The geographical placement of detention houses: Why community-integration matters
While Norwegians urbanize towards the big cities, Norwegian prisons migrate out. Prisons are no longer welcome as part of our city plans. In the last decade, the Government has shut down existing small-scale prisons. These prisons have been replaced by new large-scale prisons, in secluded locations. Why are we seeing this trend towards building new large-scale prisons in rural contexts?
We have clearly witnessed this development over the last decade. The latest example of this trend is the brand new Agder fengsel: Norway’s largest high-security prison, which opened in 2020. Agder fengsel consists of two departments, including Froland fengsel (200 prison places) and Mandal fengsel (100 prison places). Located in the forests and at the outskirts of industrial parks, these facilities remain closed and unavailable to the public. This is at odds with key principles of Norwegian prison policy, such as the proximity principle.
“The proximity principle is an important principle for the correctional services which entails that prisoners should serve their sentence as close to where they live as possible. Keeping close contact with family and friends is important during imprisonment, but also in a rehabilitation perspective. Imprisonment near the prisoners’ home is also of great importance for keeping family ties, especially for children with a parent in prison.” Hanne Hamsund (managing director), The Organisation for Families and Friends of Prisoners (FFP)
Distance equals disconnection.
For many, the rural placement of Agder fengsel equals long distances and impractical travel routes, which can make it inconvenient and difficult to visit. This inconvenience affects important contact with personal relationships like family and friends. Another consequence is a lack of access to existing networks and services outside of the prison walls for the incarcerated person. Ultimately, leading to the loss of touch with normal life. This form of disconnected imprisonment can increase the level of institutionalization and erect barriers for reintegrating back into society after being released.
The Norwegian correctional service is based on the ideology of rehabilitation, and the principle that prisons should serve as institutions for change and personal development. The people in detention should be able establish a future from behind the walls, so that when they are released, they already have a home to return to, a positive and reliable network, as well as an education or career path to pursue. All in all, incarcerated people should be able to build a strong foundation while in detention that can enable a safe return to their home environment.

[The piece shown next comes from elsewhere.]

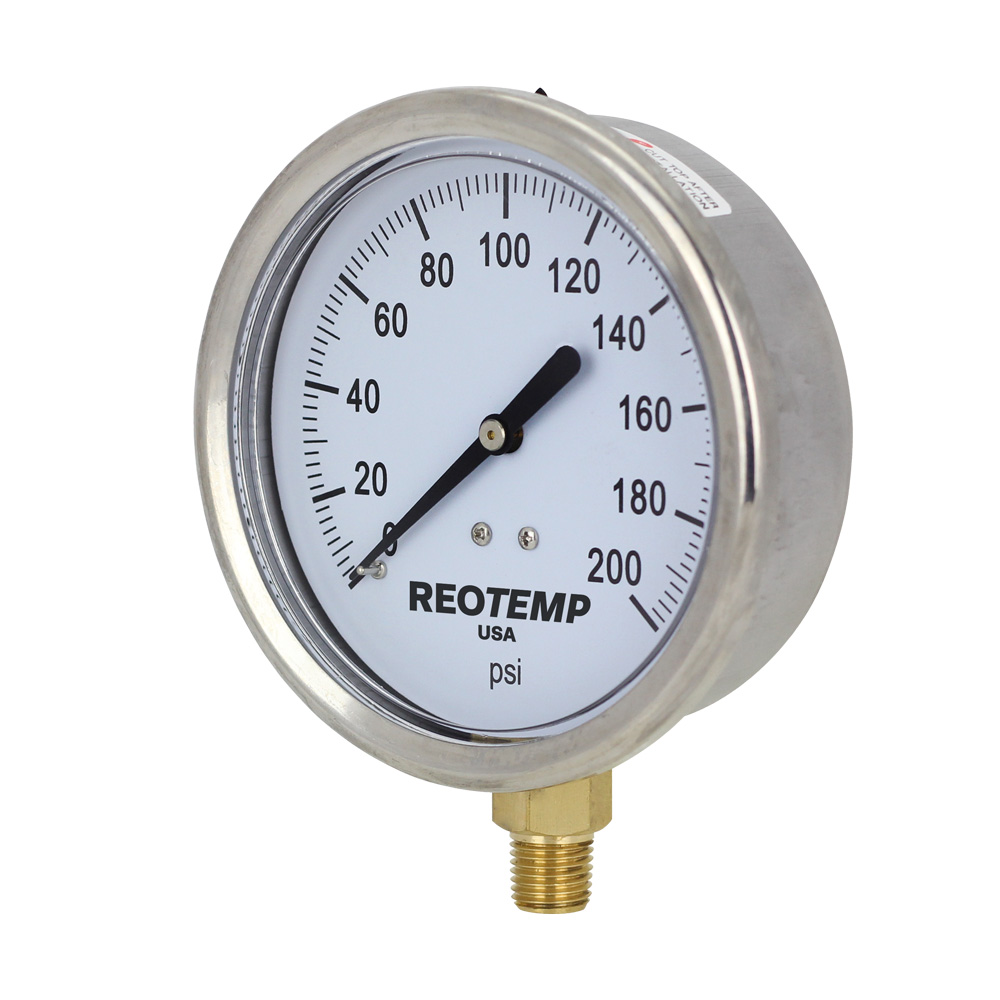 0-200 PSI 1/2" NPT 3.5" Reotemp PG35 Glycerin Filled Analog Pressure Gauge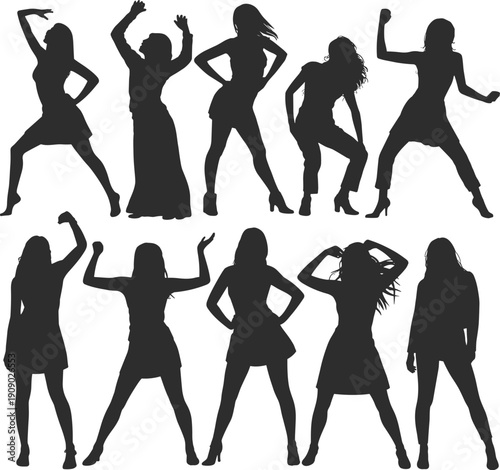 Dancing women silhouettes collection, female dance poses, party movement, stylish girls dancing, nightlife energy, isolated black vector illustration for design projects use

Rehabilitation is the expected outcome for the people detained in Agder fengsel. However, if we want them to rehabilitate and successfully reintegrate back into society, we must provide them with the grounds to do so. These grounds can be found in the community. Therefore, we must stop building large, introverted and disconnected institutions. Institutions that become displaced and forgotten.
Instead, we need to re-value and build accessible detention houses that are embedded as part of our urban communities. Socially integrated detention houses with an opportunity to participate and give back to its neighbourhood.
Let us also remember what purpose prisons serve in our society. When prisons are physically removed from society, they fail to convey their message to society, that is to remind us that there is a consequence to crime, which brings about a general deterrence effect, but also that there is a shared responsibility for the successful reintegration of people who have spent some time in detention.
Out of sight, out of mind
Large facilities deviate from the highly valued proximity principle. A principle sought to be implemented by the Norwegian correctional service. By doing so, we physically disconnected ourselves from prisons. However, to what end? And, more importantly, what are the effects of doing so?
RESCALED proposes an alternative that supports the principles of proximity, rehabilitation and reintegration, all key to Norwegian prison policy. In sight and in mind.